Requirement 1: Cleaning Customer Data Before Loyalty Points Allocation

A retail brand uses Capillary’s loyalty platform to allocate points by importing customer data from an external system. However, the incoming file often includes duplicate records and rows with missing mobile numbers, which impacts point allocation.

Solution
Use the Validation block in Capillary to clean the data before processing it. Configure a custom Databricks job that:

  • Removes duplicate customer records based on email address or mobile number.
  • Eliminates rows where the mobile number is missing.

Provide the Databricks job ID in the Validation block configuration. After validation and cleaning, Capillary forwards the processed data to the next blocks for loyalty points allocation.

Requirement 2: Formatting Inconsistent CSV Files for Ingestion

A US-based brand sends customer data in CSV files for loyalty points allocation through Capillary. However, these files do not contain separators (such as commas or pipes) or headers, making them difficult to process and map correctly.

Solution
Use the Validation block in Capillary to transform the data before further processing. Configure a custom Databricks job that:

  • Adds the required separators to the CSV data based on the expected format.
  • Inserts headers to enable accurate column mapping.
  • Cleans up any malformed or inconsistent data entries.

Include the Databricks job ID in the Validation block configuration.
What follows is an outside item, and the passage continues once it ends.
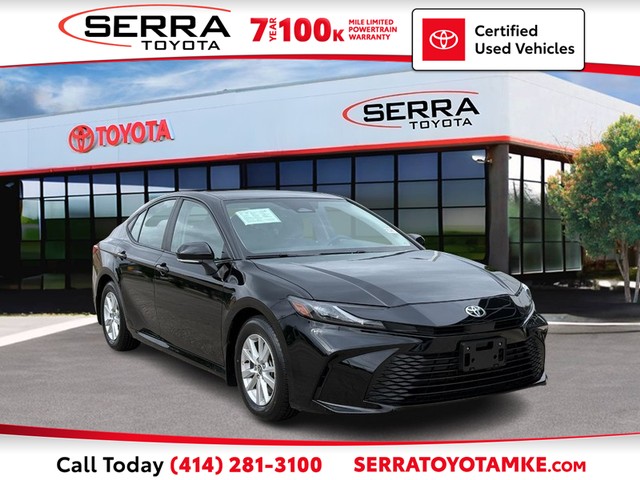 Milwaukee WI 2025 Toyota Camry more details - toyota camry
The cleaned and formatted data is then passed to subsequent blocks for loyalty points allocation in Capillary.

Configuring the Data Validation Block Interface

Pre-Requisite

  • Ensure you have access to the database for your organisation's group. For access, create a ticket to the Capillary Access team.
  • Name of the target database.

Field NameDescription
DataBricks JobIdThe Databricks Job ID that defines the validation and transformation logic.
Is Data Validation enabled?Indicates whether to perform data validation:

- If unchecked, the block is skipped and the workflow runs as usual.
- If checked, the configured Databricks job runs to validate the data.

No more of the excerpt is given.